= Dollfie =

Toy doll brand

A customized Dollfie doll

Dollfie (ドルフィー, Dorufī) is a brand of vinyl doll created by the Japanese company Volks in 1997. It is a highly pose-able hybrid of fashion doll and action figure. A Dollfie doll is about the size of a Barbie doll, 1/6 or playscale, though there are variants in different heights ranging from 23–29 cm. Dollfie dolls generally come blank, with unpainted heads intended for the user to customize themselves. Dollfie dolls feature a larger range of motion and more points of articulation than a typical Western fashion doll, due to their target audience of adult collectors rather than children.

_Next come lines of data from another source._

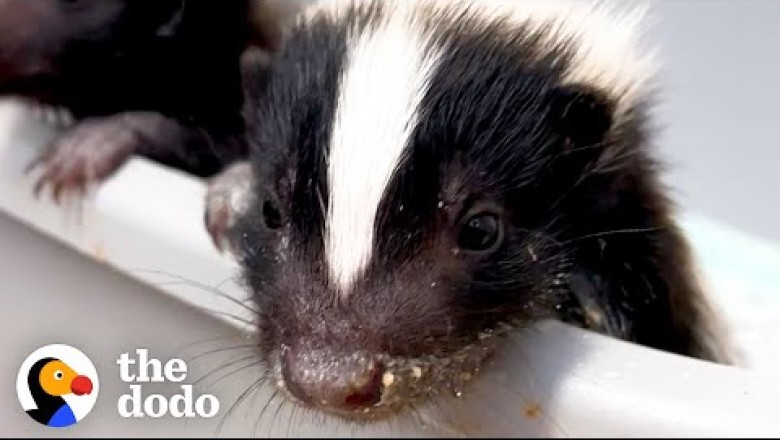 This Is How A Baby Skunk Sprays
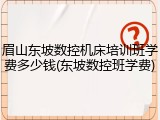 眉山东坡数控机床培训班学费多少钱(东坡数控班学费)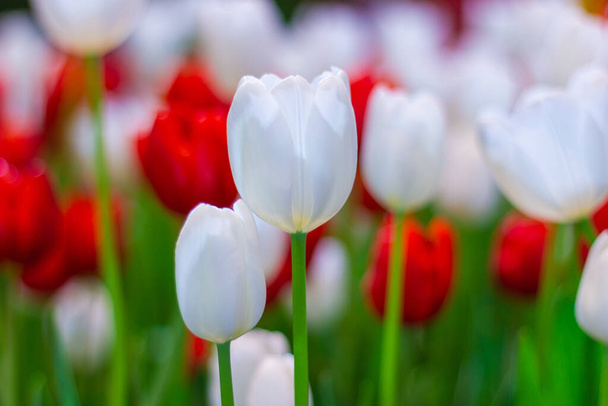 Květ bílých a červených tulipánů, nádherná květina v zahradní rostlině, - Fotografie, Obrázek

Sometimes included with Dollfie dolls were customization tools such as pre-rooted hair and stick-on eye decals. Later, complete dolls were released. There are various body types, male and female, with several forms and skin tones for both as well as a line of child-sized dolls. The company also produces tools and materials to customize and maintain dolls.

== Dollfie Dream ==
Dollfie Dream is a line of 60 centimetre soft-bodied vinyl dolls produced by Volks, similar to the smaller Dollfie dolls. Models released include both Volks original characters and licensed characters from popular media. A wide variety of parts are also available for purchase directly from Volks, up to and including pre-assembled bodies and heads. Seven different Dollfie Dream body types have been released:

The original Dollfie Dream body, referred to as simply Dollfie Dream, is a stylized adult female body. The body has gone through three revisions since its first release. The first Dollfie Dream Body which was called DD Basic body was strung with elastic string. The body pieces were 'hard soft vinyl' with the hands and bust being 'flexible soft vinyl'. The second and third versions, as well as all subsequent models released, are soft vinyl dolls with a hard plastic internal skeleton that enables articulation.

Mini Dollfie Dream is a short, childlike model that stands at about 43 centimetres, similar in concept to Mini Super Dollfie.

Dollfie Dream Pretty more mature in proportion than the Mini Dollfie Dream body, but less so than the Dollfie Dream or Dollfie Dream Sister. Its proportions are intended to be similar to that of a pre-teen or young teen girl.

Dollfie Dream Sister features a slightly smaller, shorter, and less mature frame than the Dollfie Dream.

Dollfie Dream Dynamite features a more curvy build than the Dollfie Dream, with wider hips and a larger bust.

Chimikko Dollfie Dream is the most recently released Dollfie Dream model, smaller than even Mini, it is made to look like a child of around six years old. Thus far only two limited models have been released.

In 2016, Volks released their first two male Dollfie Dream dolls, modeled after the Vocaloid mascot Len Kagamine and the character Kirito from Sword Art Online. The body type shared by all male Dollfie Dream dolls is referred to by Volks as the Dollfie Dream Boy body. This model has yet to see a wide release, and is only available as limited character models or at Volks's Doll Point stores.